In the table in Figure 4, I have inserted a column showing this ratio (GDP / Land Mass) for each of the 15 economic regions we looked at above. For reasons that I will discuss in a moment, I have also included Japan (at the end of the table).
To perform the calculation, I divided the GDP by the size of the country or region. I then divided the results by 1,000 to scale them appropriately. Finally, I used this number to rank the various economic regions. The results are below:
Figure 4: GDP of economic regions ranked by GDP/(Land Mass)
The numbers in this table show the ratio of the size of the economy compared to the size of the country. Strictly speaking, the units would be in "$million USD / kilometers squared", although that's not really important. What is important is that there is no direct relationship between the size of a country and the size of it's economy, at least for the very largest countries in the world.
For example, Russia, the largest country in the world, is 1.7 times the size of the next largest country (Canada). And yet, of the 15 different economic regions in our table, Russia has the 4th lowest ratio of GDP to land mass (0.1). Europe, in fact, has the largest ratio (3.9). Comparing these two numbers, you can see that, for its size, Europe's economy is actually 31.7 times the Russia economy.
We can now see, much more clearly, how the 15 regions with the largest land masses compare to one another with respect to GDP. In the last table (Figure 3), Russia was #1 because it is so large. In this table (Figure 4), Russia is only #12. This tells us that, for its size, Russia doesn't produce much GDP, in fact, only a tad more than Algeria and Kazakhstan.

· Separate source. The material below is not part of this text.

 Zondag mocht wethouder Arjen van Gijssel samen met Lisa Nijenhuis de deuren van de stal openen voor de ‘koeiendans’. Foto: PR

Among the 15 largest economic regions, the real powerhouse, as you can see, is the European Union. Its ratio of GDP to land mass (3.9) is more than twice that of the United States (1.7), and more than four times that of China (0.9). However, as you saw in Figure 3, in terms of land mass, the EU is only the 7th largest economic region in the world. This shows us that there is something more important than size. After all, if size were the most important factor, Russia would be the most productive country in the world, and Algeria and Congo together, would be producing more than the EU, which is hardly the case.
Let's take a look at one more example: Japan. As you can see from the table above, Japan has a very small land mass, only 377,930 km2. Nevertheless, it has a large GDP of $5.964 trillion. Indeed, the ratio of GDP to land mass is 15.8, much higher than any of the other values in the table. Indeed, the ratio of Japan's land mass to its GDP is 4 times that of the European Union, and 9.2 times that of the United States. Clearly, there is a lot more to GDP than simply the size of the economic region.